What is it?
Shoulder impingement or sub acromion pain syndrome is a complex condition with many contributing factors. It is characterised as pain from compression of the structures within the sub acromial space (between the scapula arch and the head of the arm). Impingement has symptoms of pain when lifting the arm by the side, out in front, reaching, lifting objects, and when sleeping on the effected arm. Patients often complain of pain in the shoulder of a gradual onset or following a period of excessive upper limb activity. Symptoms are felt either in the front or back of the shoulder and can refer down the upper arm. A common sign is the painful arc, whereby lifting your arm by your side causes pain between 40 and 120 degrees as the sub acromial space narrows.
Types and contributing factors
There are 2 main types of impingement; Sub acromial and Internal impingement.
Sub acromial can be either primary or secondary impingement. Primary is due to structural narrowing within the sub acromial space due to either a tear or degeneration of the rotator cuff muscles, including calcified tendinopathy, AC joint osteoarthritis, acromial bone spurring, and humeral head osseous remodelling.
Secondary impingement is due to functional narrowing of the structures between the acromion and the humeral head. This is mainly caused by poor shoulder joint mechanics due to poor scapular positioning and control, lack of humeral head control within the shoulder cavity, poor posture, stiffness of the shoulder capsule, and rotator cuff weakness or overuse leading to tendinopathy. The common structures effected with secondary impingement include the: rotator cuff tendons, sub acromial bursa, Long head biceps tendon, and the superior glenoid ligament.

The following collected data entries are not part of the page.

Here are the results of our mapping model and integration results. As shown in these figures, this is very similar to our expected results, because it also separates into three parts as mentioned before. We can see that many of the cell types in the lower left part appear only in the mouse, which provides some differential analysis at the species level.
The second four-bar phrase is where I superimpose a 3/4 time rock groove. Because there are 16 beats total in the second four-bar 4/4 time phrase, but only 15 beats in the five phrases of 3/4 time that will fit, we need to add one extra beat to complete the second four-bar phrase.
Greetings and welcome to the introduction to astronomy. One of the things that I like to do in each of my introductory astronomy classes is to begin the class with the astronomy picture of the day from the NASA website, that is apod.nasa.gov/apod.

Internal impingement is caused by compression of the underside fibres of certain rotator cuff muscles between the humerus and the shoulder capsule, not the acromion, with certain movements. This is also due to faulty shoulder mechanics and typically presents as anterior or posterior shoulder pain during throwing motions.

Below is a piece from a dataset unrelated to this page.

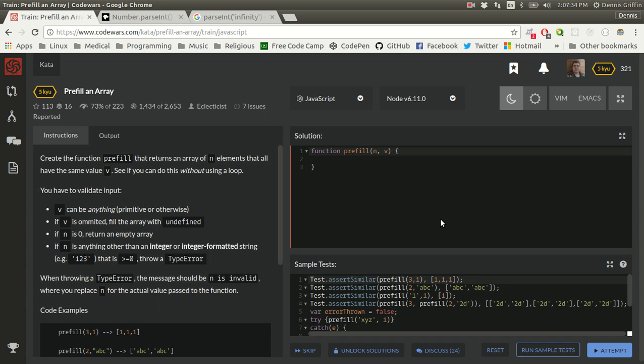Hey YouTube, what's up? I'm going to try to do another kata today. Today I'm going to be prefilling an array in JavaScript. This is a relatively simple operation here.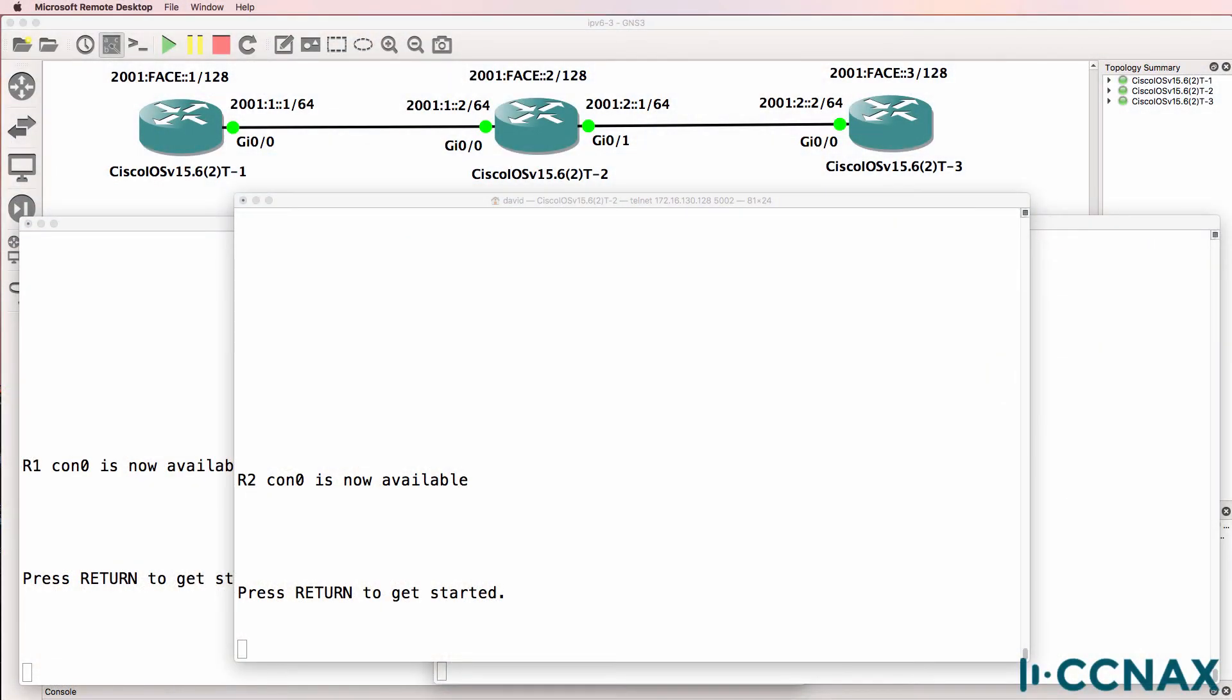This is one of multiple IPv6 troubleshooting videos. In this topology, we've been told that router one on the left is not able to ping the loopback of router three on the right.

Secondary impingement causes:
– Poor scapular movement and control. Commonly include elevated, anteriorly tilted, downwardly rotated, medial and inferior border winging. Muscle tightness and weakness contribute to this.
– Shoulder laxity/instability creating excessive movement within the capsule/joint.
– Poor posture. Excessive upper back curvature with rounded shoulders.
– Muscle tightness. Commonly of the pectorals, latissimus dorsi, and lower neck muscles, which can pull the scapula and arm into sub-optimal positions.
– Muscle weakness. Commonly the scapula upward rotators and depressors; lower and middle trapezius, serratus anterior, and muscles of the rotator cuff.
– Tendon damage / microtrauma. Due to sudden or chronic overuse creating swelling of the tendons. Poor scapula mechanics and joint laxity can strain the tendons as they have to work harder than normal to keep the ball of the arm in the socket.
How Can Physiotherapy help?
Physiotherapy can identify specifically what is causing your shoulder pain and impingement, through a detailed physical assessment. Following this, your muscular and joint imbalances can be addressed through using soft tissue techniques, joint mobilisations, taping, dry needling and proprioceptive training. Depending on what is causing your symptoms, an individualised muscle activation, strengthening, and stretching program can be prescribed. If left unresolved shoulder pain can become worse with chronic damage to the rotator cuff tendons and bursa, possibly leading to a primary impingement and tearing of the tendons.